House Democrats have included $10 billion in emergency international coronavirus assistance in their version of the fiscal 2021 State-Foreign Operations budget bill (HR 7608). The legislation is expected to pass the House next week, but it could be months before a version is enacted after negotiations with the Senate.

Time is running out

Foreign aid advocates say the international community doesn’t have that kind of time if it wants to get ahead of the multiple problems the pandemic is creating or worsening, including rising food insecurity and millions of children missing planned vaccinations for preventable diseases like measles, cholera and tuberculosis.
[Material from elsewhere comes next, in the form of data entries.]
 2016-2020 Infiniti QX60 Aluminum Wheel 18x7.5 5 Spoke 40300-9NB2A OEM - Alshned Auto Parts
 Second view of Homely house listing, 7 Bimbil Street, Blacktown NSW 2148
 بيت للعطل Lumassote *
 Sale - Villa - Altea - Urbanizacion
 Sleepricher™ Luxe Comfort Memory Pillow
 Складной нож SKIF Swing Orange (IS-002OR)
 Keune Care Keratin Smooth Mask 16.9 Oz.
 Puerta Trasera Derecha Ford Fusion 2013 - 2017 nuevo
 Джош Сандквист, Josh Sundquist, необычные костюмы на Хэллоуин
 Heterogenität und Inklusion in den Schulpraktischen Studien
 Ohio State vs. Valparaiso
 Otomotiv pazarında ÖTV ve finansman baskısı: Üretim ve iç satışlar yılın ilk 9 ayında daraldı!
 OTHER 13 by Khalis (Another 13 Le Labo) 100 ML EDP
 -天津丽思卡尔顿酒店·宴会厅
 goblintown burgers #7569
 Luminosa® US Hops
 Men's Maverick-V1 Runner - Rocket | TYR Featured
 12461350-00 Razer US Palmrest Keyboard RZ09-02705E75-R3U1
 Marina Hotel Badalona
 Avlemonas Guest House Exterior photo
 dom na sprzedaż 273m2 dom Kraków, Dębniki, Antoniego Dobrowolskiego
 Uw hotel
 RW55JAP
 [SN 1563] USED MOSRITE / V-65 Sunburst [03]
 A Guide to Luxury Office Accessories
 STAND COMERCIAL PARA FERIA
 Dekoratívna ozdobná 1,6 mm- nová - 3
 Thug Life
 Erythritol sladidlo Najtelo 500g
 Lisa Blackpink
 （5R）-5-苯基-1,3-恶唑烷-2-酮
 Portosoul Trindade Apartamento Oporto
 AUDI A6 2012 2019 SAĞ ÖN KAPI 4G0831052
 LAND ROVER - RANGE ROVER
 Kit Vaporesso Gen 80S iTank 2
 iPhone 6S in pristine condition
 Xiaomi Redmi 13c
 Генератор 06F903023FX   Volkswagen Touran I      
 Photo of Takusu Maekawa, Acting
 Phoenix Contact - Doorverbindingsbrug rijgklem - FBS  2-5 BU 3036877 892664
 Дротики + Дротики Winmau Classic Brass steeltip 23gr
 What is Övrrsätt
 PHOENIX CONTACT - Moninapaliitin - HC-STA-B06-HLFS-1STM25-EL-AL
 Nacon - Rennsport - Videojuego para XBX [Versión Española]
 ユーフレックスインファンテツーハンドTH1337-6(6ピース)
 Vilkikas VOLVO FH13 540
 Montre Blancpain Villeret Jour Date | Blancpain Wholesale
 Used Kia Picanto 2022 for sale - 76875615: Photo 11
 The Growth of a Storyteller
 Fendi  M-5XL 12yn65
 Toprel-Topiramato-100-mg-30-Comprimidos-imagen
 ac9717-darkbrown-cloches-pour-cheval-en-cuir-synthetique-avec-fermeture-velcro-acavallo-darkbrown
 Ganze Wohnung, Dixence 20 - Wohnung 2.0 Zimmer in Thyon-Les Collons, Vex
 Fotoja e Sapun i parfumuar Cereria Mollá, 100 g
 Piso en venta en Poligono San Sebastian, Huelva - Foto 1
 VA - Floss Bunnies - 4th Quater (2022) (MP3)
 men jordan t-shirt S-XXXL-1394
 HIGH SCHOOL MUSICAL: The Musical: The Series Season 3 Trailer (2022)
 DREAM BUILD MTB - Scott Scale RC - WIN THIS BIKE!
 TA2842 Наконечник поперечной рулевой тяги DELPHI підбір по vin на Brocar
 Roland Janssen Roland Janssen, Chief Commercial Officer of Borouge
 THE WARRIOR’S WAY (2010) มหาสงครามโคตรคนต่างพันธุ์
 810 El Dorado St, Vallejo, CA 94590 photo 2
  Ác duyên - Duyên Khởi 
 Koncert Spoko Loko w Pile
“The food repercussions are very, very alarming,” Henrietta Fore, executive director of UNICEF, said during the call. “It’s at a point where we’re worried we’re going to be losing thousands and thousands of lives.”

Fore, a former head of the U.S. Agency for International Development during the George W. Bush administration, said she fears that if the global community doesn’t rally to help developing countries during the crisis then as many as 6,000 children a day could die in the next six months from preventable diseases.

There are nearly 13.2 million confirmed coronavirus cases around the world, with cases rapidly rising in India, Brazil, Peru, Chile and Mexico, among other countries.

Rep. Barbara Lee, D-California, a senior foreign aid appropriator, told reporters she doesn’t think $10 billion is enough for an international response but she is focused on protecting at least that amount as the spending negotiations continue.

Niels Lesniewski and Jennifer Shutt contributed to this report.